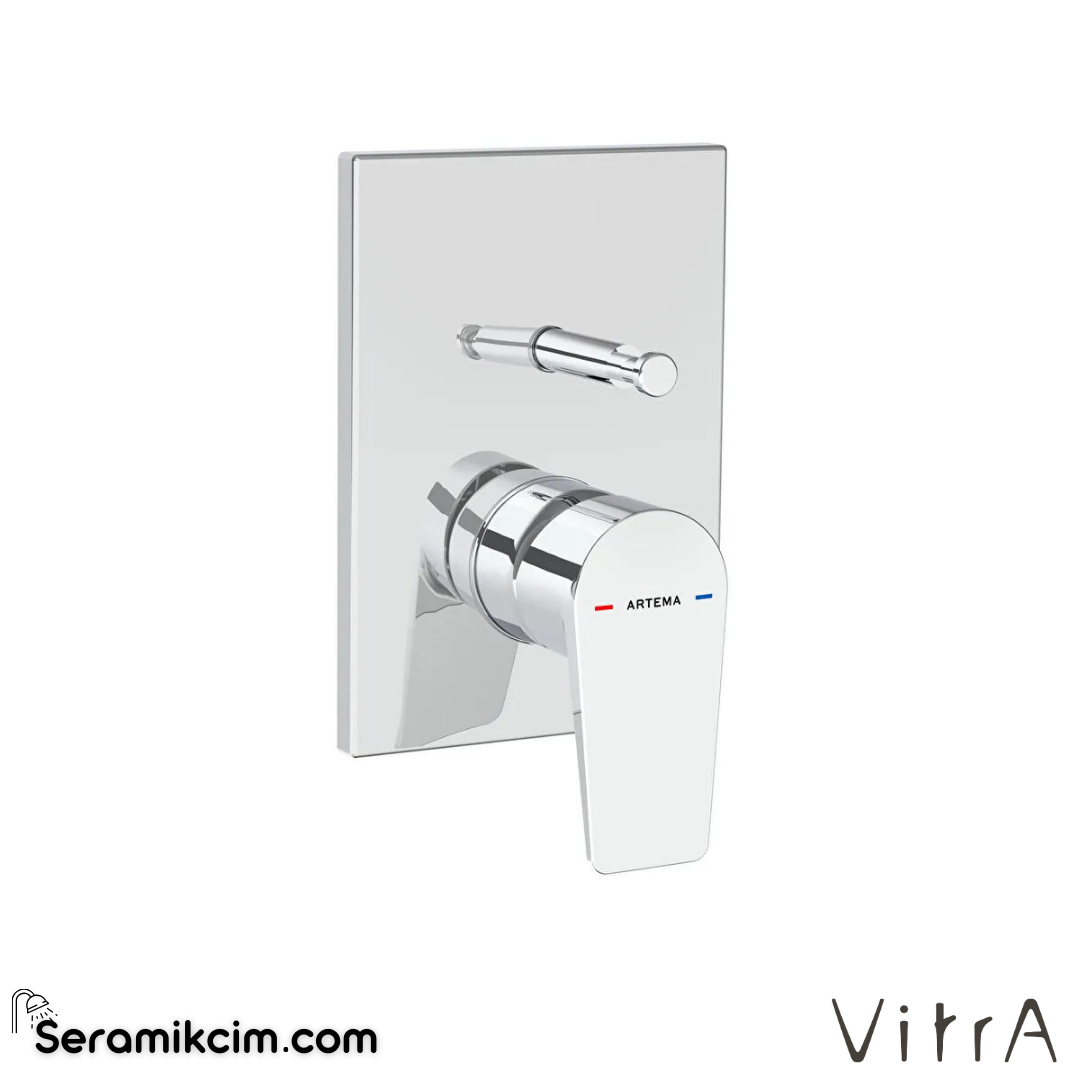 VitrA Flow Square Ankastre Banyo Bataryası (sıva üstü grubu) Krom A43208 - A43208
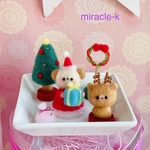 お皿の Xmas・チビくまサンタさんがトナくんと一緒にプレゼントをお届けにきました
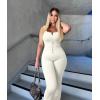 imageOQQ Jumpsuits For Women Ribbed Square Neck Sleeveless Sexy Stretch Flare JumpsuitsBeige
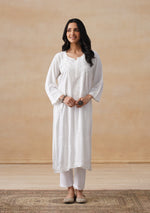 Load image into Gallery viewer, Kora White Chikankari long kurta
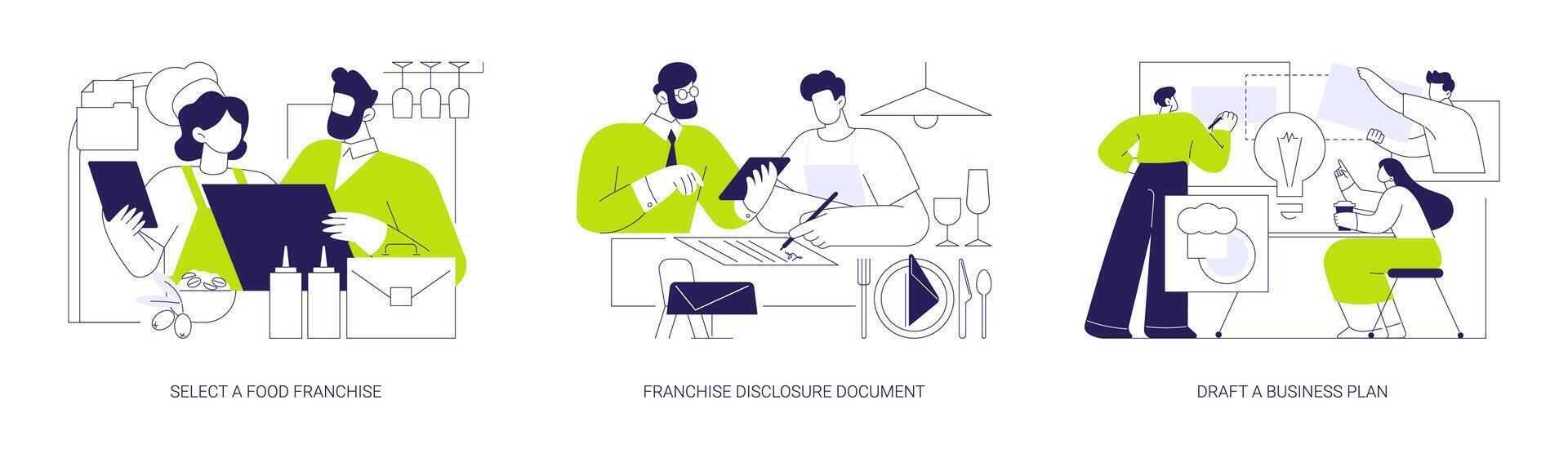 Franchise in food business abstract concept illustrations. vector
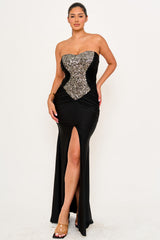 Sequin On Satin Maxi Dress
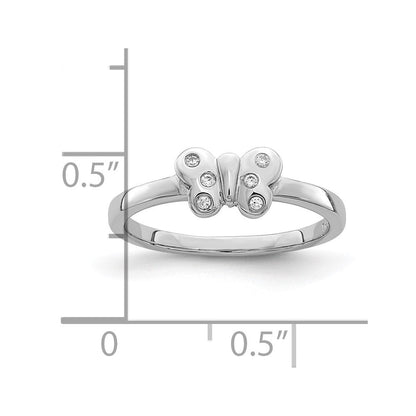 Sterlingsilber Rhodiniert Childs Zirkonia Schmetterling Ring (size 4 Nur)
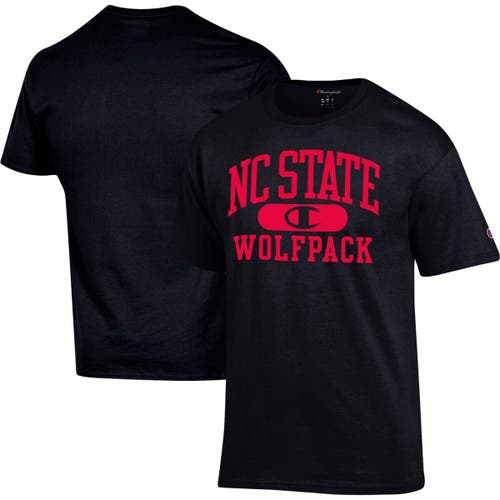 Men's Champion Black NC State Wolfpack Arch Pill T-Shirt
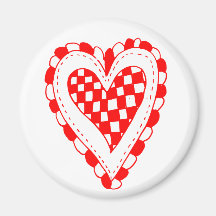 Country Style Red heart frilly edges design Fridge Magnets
* * * * * * *
*WHAT THE EXERCISE ASKS:* Your reply should be the lines of the records from the start through the line with "Franchise in food", copied word for word, pictures omitted.

*RESULT FOR THIS EXERCISE:*
 VitrA Flow Square Ankastre Banyo Bataryası (sıva üstü grubu) Krom A43208 - A43208
 お皿の Xmas・チビくまサンタさんがトナくんと一緒にプレゼントをお届けにきました
 imageOQQ Jumpsuits For Women Ribbed Square Neck Sleeveless Sexy Stretch Flare JumpsuitsBeige
 Load image into Gallery viewer, Kora White Chikankari long kurta
 Franchise in food business abstract concept illustrations. vector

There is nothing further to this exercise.